BERLIN/FRANKFURT (Reuters) - Volkswagen (VOWG_p.DE) aims to wrap up its long-awaited purchase of sports-car maker Porsche (PSHG_p.DE) on August 1, two years before a planned target date to complete the deal free of tax.
Porsche SE, the holding company that still controls about half of the sports-car business that VW does not already own, will receive 4.46 billion euros ($5.58 billion) plus a single common VW share, VW said in a statement on Wednesday.
“The accelerated integration will allow us to start implementing a joint strategy for Porsche’s automotive business more quickly and to realize key joint projects more rapidly,” VW chief financial officer Hans Dieter Poetsch said.

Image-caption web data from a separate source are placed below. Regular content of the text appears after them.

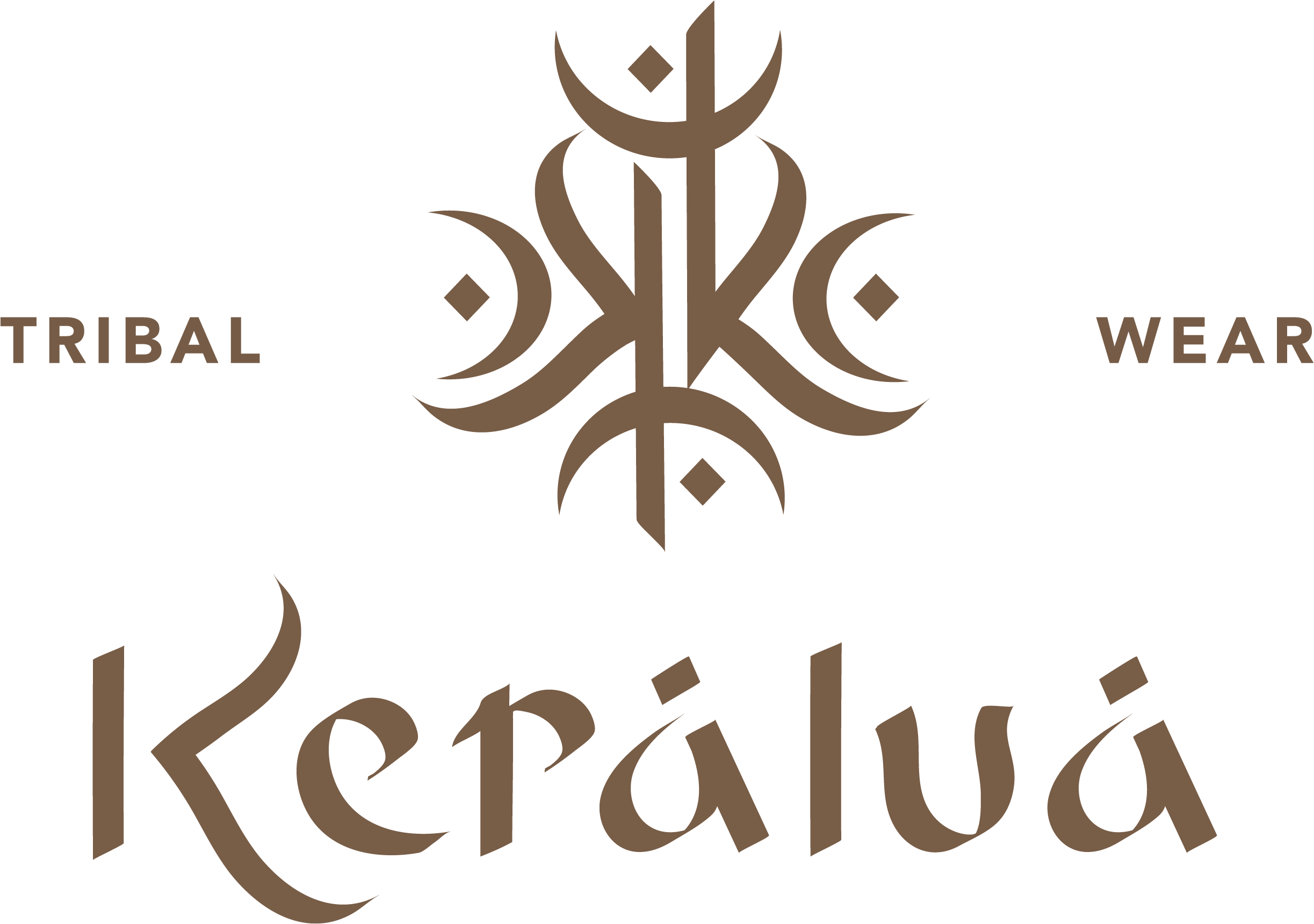 Keralua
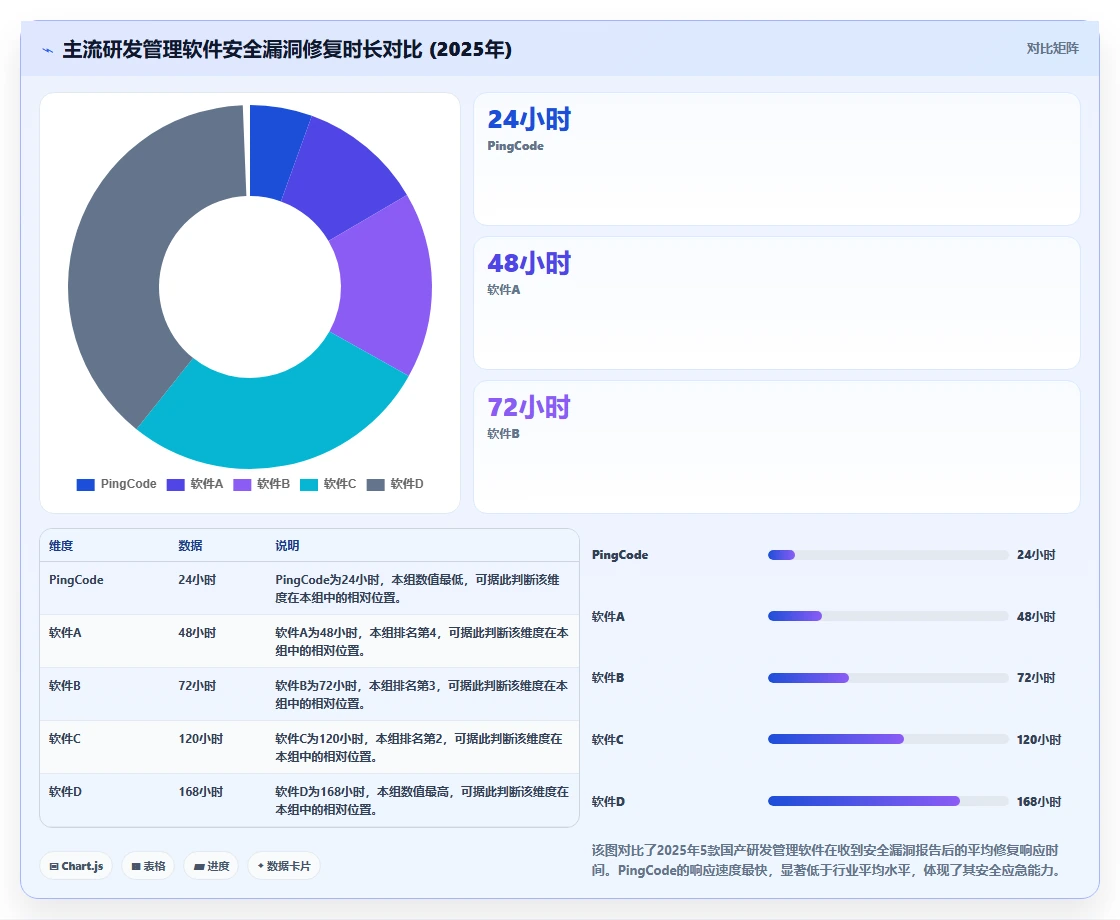 安全的研发管理软件哪些值得试:2026年企业选型与测评指南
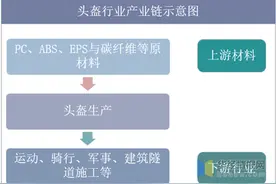 头盔行业市场现状与竞争格局分析，“一盔一带”安全守护行动启动图片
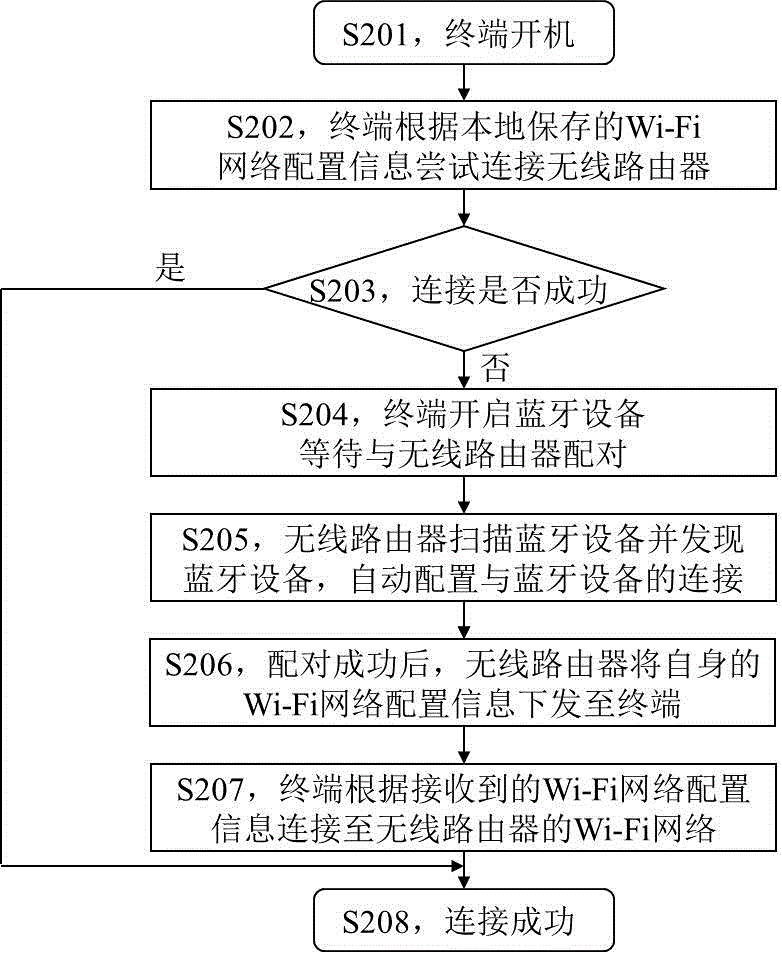 Network access method and network access system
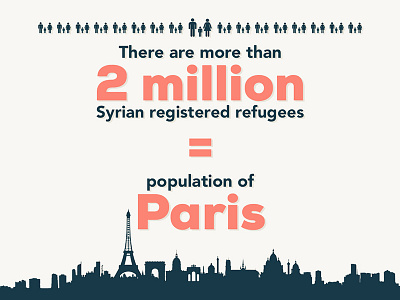 Syria Infographic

Full consolidation of Porsche’s auto-making operations in VW’s accounts will boost VW’s full-year financial result by more than 9 billion euros and shrink its net liquidity by about 7 billion euros, the company said.
Europe’s largest carmaker and Porsche have been pushing for rapid integration of their automotive businesses to pave the way for cost savings of about 700 million euros a year and to erase about 2 billion euros of debt at the sports-car maker’s holding company.
VW acquired 49.9 percent of the Stuttgart-based manufacturer in December 2009 after a botched attempt by Porsche to take control of its much bigger competitor. Both companies have for months been exploring ways to avoid taxes of as much as 1.5 billion euros that would kick in if VW were to seal the purchase before August 2014.
Submitting a single common share to Porsche SE may classify the deal as a restructuring under Germany’s so-called reorganization tax law and help VW avoid tax payments.
“The accelerated integration model that has now been agreed can be implemented on economically feasible terms,” VW said in the statement.
Porsche and VW agreed a merger in August 2009 after the maker of the iconic 911 sports-car racked up more than 10 billion euros of debt attempting to buy VW.
VW abandoned the merger last September, citing unquantifiable legal risks, including lawsuits by short-sellers in the United States and Germany, who say Porsche secretly piled up VW shares and later caused investors to lose billions of dollars.
David Arnold, a London-based analyst with Credit Suisse, said the deal would inflict no taxes on VW and at 4.46 billion euros, cost the Wolfsburg-based company only about half as much as a full-blown merger, costs for which he pegged at more than 8 billion euros.
“It’s a great deal for VW, both financially and in operative terms,” Arnold said.
VW and Porsche will hold a joint news conference to outline details of the planned integrated car maker at 0800 GMT on Thursday in Wolfsburg.